Al comenzar a madurar el plan, había sentido la tentación de comprar una silla gestatoria, para poder dedicarse a buscar a Adín sin descanso. Pero ello le exigiría ampliar la banda en cuatro hombres al menos, lo que no le parecía sensato. Con la lealtad tenaz e incorruptible del matrimonio y su hija, podía sentirse tranquila y segura; acoger a más gente multiplicaría los peligros. Entre ellos, el de que cualquiera de los nuevos rompiese el convencionalismo que la convertía a ella en un “señor”, aunque sus tres acompañantes debían de saber, sin duda, que era una mujer.
Tampoco encontró quien le vendiera cuatro caballos que, por otro lado, aterrorizaban a sus tres acompañantes.
Media luna después del asalto a la casa de Arranes, la comitiva se puso solemnemente en marcha. A la cabeza, Anibelser y Sosi caminaban con ademanes muy ufanos, aparentemente orgullosas de las brillantes vestimentas que las cubrían. A continuación, Irsecel, con actitud sumamente altanera y expresión de ausencia, con el hieratismo aprendido de su madre y de Bastugitas, que le permitía desplazarse como si nada le afectase.
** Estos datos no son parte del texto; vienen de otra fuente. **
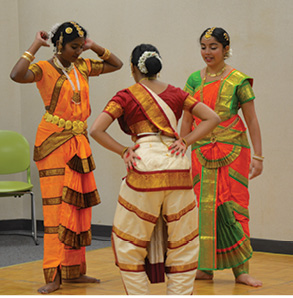 Dance. Students of Anjali Tata-Hudson's dance studio warm-up before demostrating to the crowd several traditional Indian dances. Joe Jarosz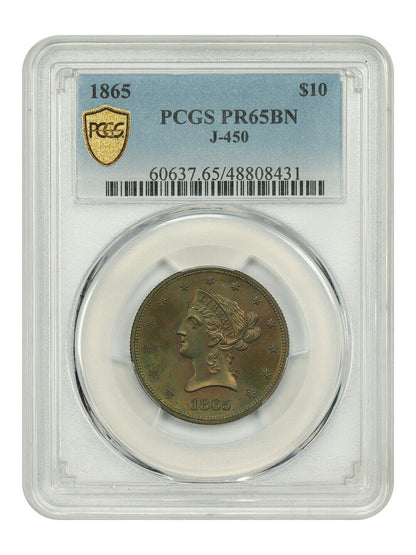 Pattern: 1865 $10 PCGS PR65BN (J-450) - Patterns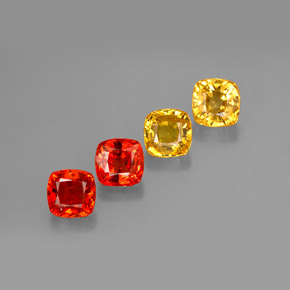 カラットの天然マルチカラーサファイア（4.5×4.4 mm・クッションカット）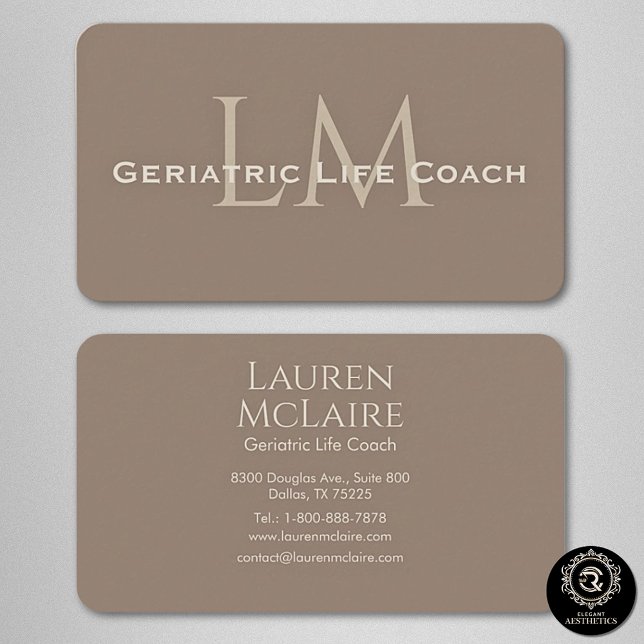 Neutral Dark Taupe Monogram Business Card Visitkort (Skapare uppladdad)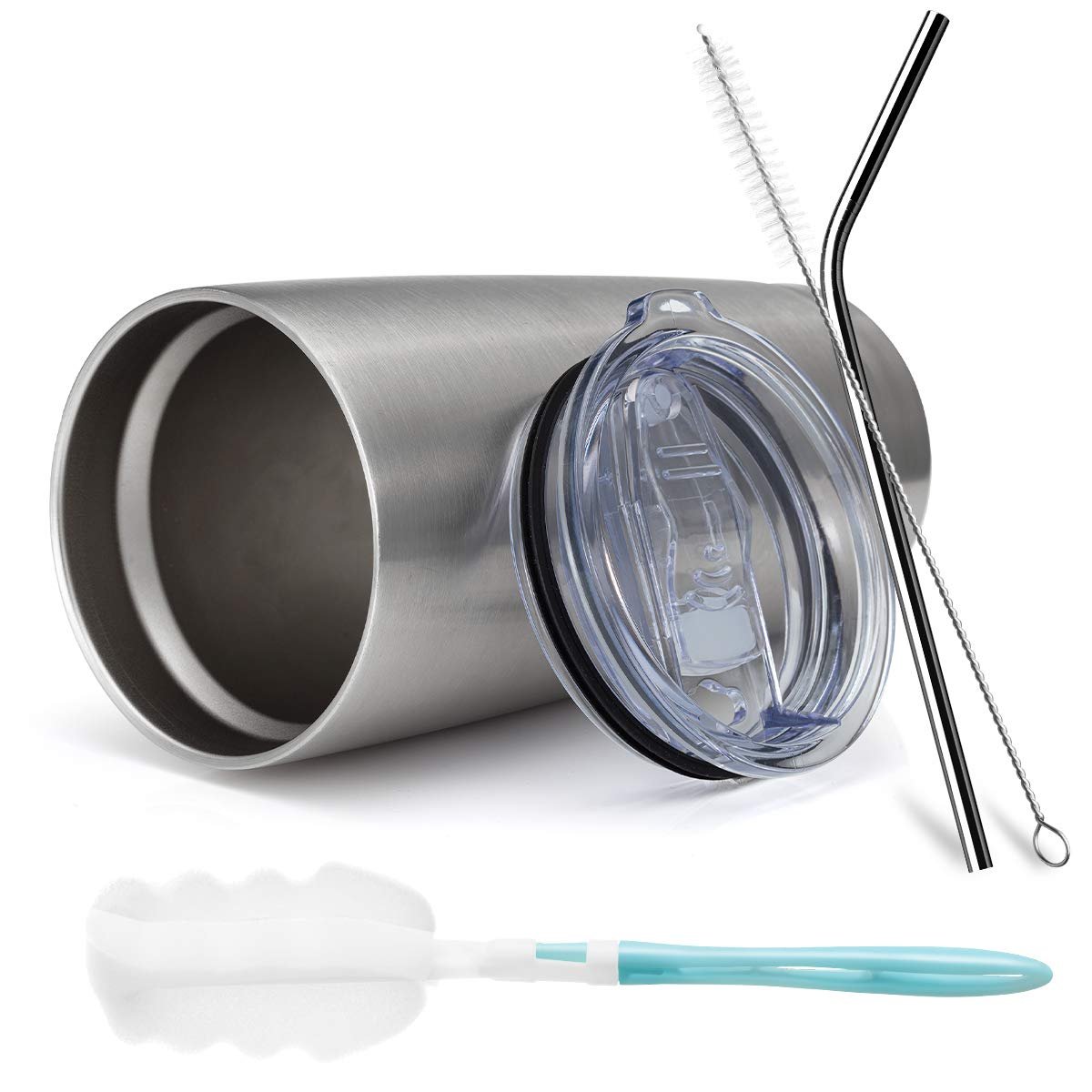 Comooo 20Oz Stainless Steel Tumbler Bulk Double Wall Vacuum Coffee Cup Insulated Travel Mug With Lid And Straw Durable Powder Co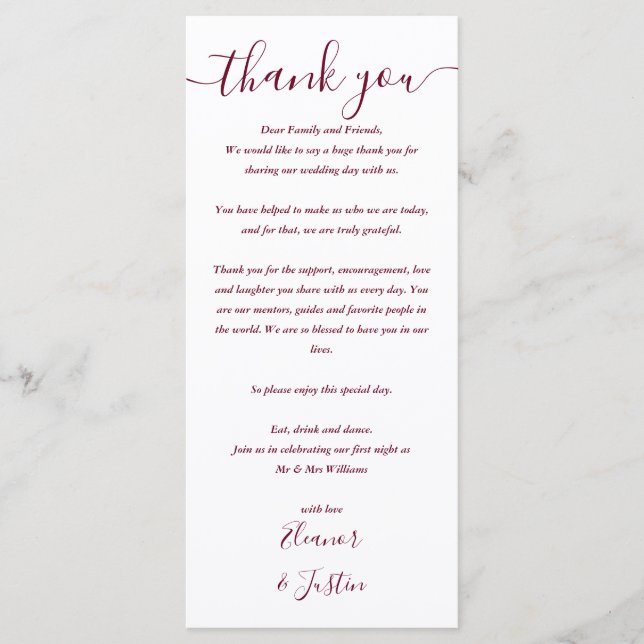 Wedding Reception Thank You Burgundy Place Card (Front)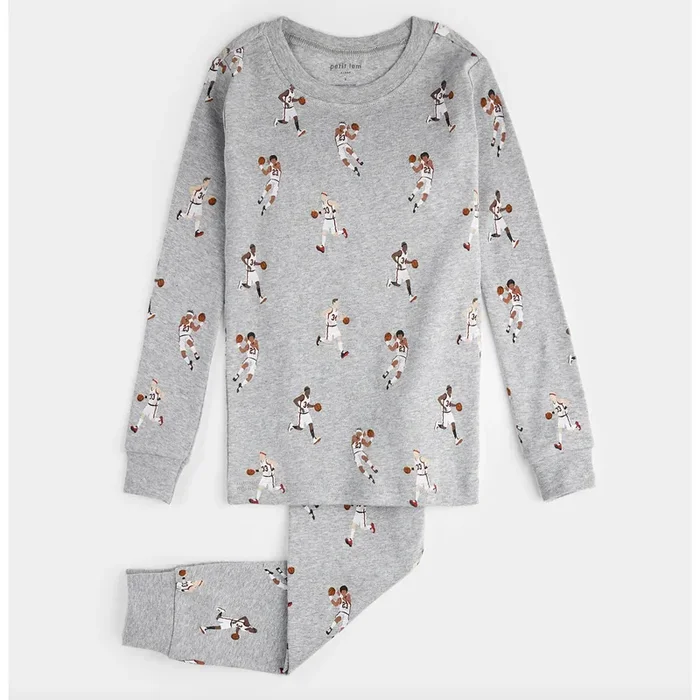Basketball player print on heather grey PJ set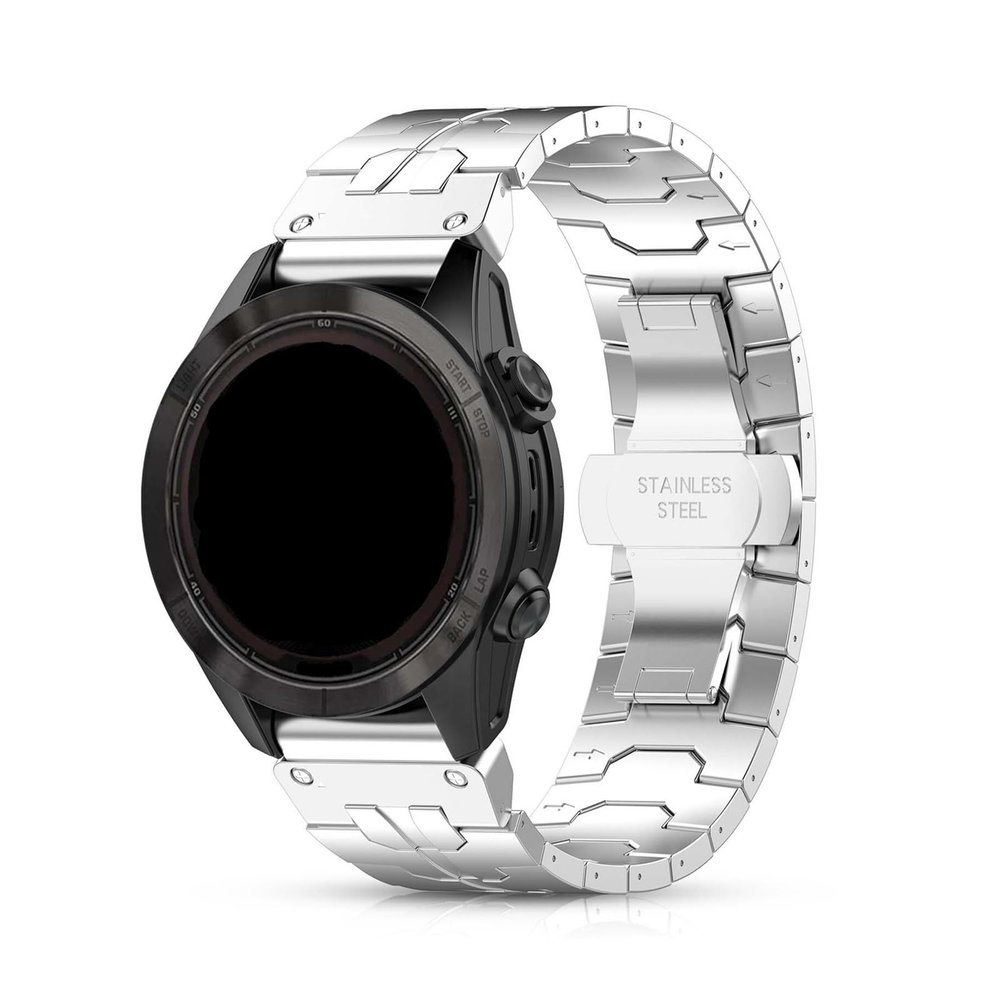 22mm 26mm Metal Strap For Garmin Fenix 8 7 6 5/Fenix 7X 6X 5X /Tactix7pro Stainless Steel Band Quick Fit Strap(Silver,22mm(MARQ series))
Cerraba el cortejo Orison, armado con tanta exuberancia y mayor parafernalia que un general cartaginés.
¿A qué distancia estaría el norte del que les habló Indíbil, en el embarcadero de Ilici?
Curiosamente, varios detalles y palabras pronunciadas a medias le hicieron sospechar que Anibelser sabía a dónde tenían que dirigirse. Sus ausencias iban siendo cada vez más frecuentes y largas. Los residuos y manchas que trataba de disimular a su vuelta también fueron convirtiéndose en más nosotros. Ese mujer, en la que seguía confiando plenamente a pesar de todo, estaba metida en alguna clase de juegos irrevelables.